Mugo v Obengo & 4 others (Civil Application E048 of 2023) [2024] KECA 459 (KLR) (12 April 2024) (Ruling)
Neutral citation:
[2024] KECA 459 (KLR)
Republic of Kenya
Civil Application E048 of 2023
WK Korir, JA
April 12, 2024
Between
Stephen N Mugo
Applicant
and
Pamela Adhiambo Obengo
1st Respondent
The Land Registrar, Kericho
2nd Respondent
The Adjudication Officer, Kericho
3rd Respondent
The Chief Executive Committee Member (Cecm) In Charge Of Lands
4th Respondent
Respondent County Government Of Kericho
5th Respondent
(Being an application for extension of time to file an appeal out of time against the decision of Environment and Land Court at Kericho (M.C. Oundo, J.) dated 2nd March 2023 in ELC Case No. 3 of 2019
Environment & Land Case 3 of 2019
)
Ruling
1.The notice of motion dated 2nd June 2023 invokes the Court’s jurisdiction under sections 3A and 3B of the Appellate Jurisdiction Act and rule 4 of the Court of Appeal Rules. The applicant, Stephen N. Mugo, seeks extension of time for filing his record of appeal. The application is based on the grounds listed on its face and supported by an affidavit sworn by the applicant’s counsel, Elizabeth Wangari Mukira. The application is further supported by a supplementary affidavit sworn on 16th August 2023 by the applicant’s counsel.

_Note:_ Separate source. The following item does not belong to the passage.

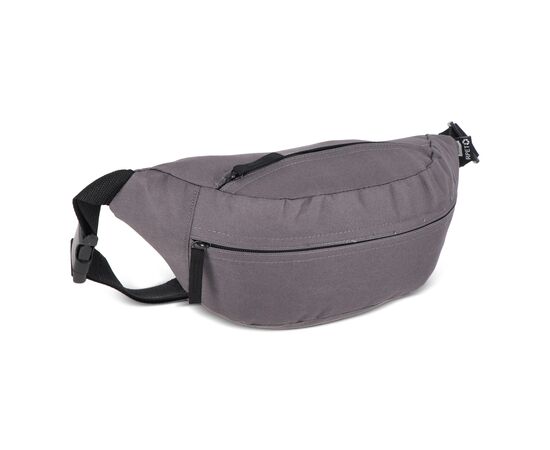 Crossbody bag R-PET 5L Grey -  LT95295-N0061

2.The applicant’s case is that the judgment he intends to appeal was delivered in favour of the 1st respondent, Pamela Adhiambo Obengo, on 2nd March 2023. That being dissatisfied with the impugned judgment, he lodged a notice of appeal on 9th March 2023. The applicant states that although the record of appeal ought to have been filed by 23rd May 2023, his counsel on record concentrated in pursuing an application for stay before the trial court and forgot to file the appeal. Further, that there was also a delay in securing the applicant’s file from his former advocates. According to the applicant the delay occasioned was only for a period of 8 days and the explanation tendered is sufficient. It is the applicant’s averment that since the delay is attributable to his counsel, the mistake should not be visited on him. The applicant also avers that the record of appeal is ready for filing and that the intended appeal is arguable. In conclusion, the applicant deposes that if the prayer sought is declined, he will be greatly prejudiced whereas the respondent will suffer no prejudice if time is extended.

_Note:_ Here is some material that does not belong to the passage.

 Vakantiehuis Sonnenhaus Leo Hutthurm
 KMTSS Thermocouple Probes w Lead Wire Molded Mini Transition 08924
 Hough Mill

3.The application is opposed through an affidavit sworn by the 1st respondent on 4th August 2023. It is her position that the reasons for the delay advanced by the applicant have not been substantiated or proved. She deposes that the applicant has not attached any evidence to support the allegation that he had difficulties in retrieving the file from his former advocates. According to her, the explanation is an excuse for the advocate’s indolence and the applicant cannot be spared the consequences of delay. She also asserts that the intended appeal is not arguable and that the applicant will not suffer any prejudice if the orders are not granted. She maintains that the reasons given by the applicant are not satisfactory at all. Further, that she will be prejudiced if leave to appeal is granted as the applicant only seeks to elongate the court battle which started in 2019. She consequently prays that the application be dismissed with costs.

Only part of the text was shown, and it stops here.